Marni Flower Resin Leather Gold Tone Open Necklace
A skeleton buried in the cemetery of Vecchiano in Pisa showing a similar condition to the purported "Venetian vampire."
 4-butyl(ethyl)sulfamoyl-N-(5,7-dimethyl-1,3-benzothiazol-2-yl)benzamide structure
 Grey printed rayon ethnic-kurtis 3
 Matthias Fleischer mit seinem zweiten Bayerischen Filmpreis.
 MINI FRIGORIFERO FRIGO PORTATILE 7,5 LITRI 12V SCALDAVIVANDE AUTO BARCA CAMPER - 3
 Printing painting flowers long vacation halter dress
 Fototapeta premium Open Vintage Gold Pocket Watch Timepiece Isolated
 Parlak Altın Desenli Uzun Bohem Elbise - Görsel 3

▶ _TASK PROMPT_: Return each line of the entries that holds the string "Gold".

▶ _EXERCISE RESULT_:
Marni Flower Resin Leather Gold Tone Open Necklace
 Fototapeta premium Open Vintage Gold Pocket Watch Timepiece Isolated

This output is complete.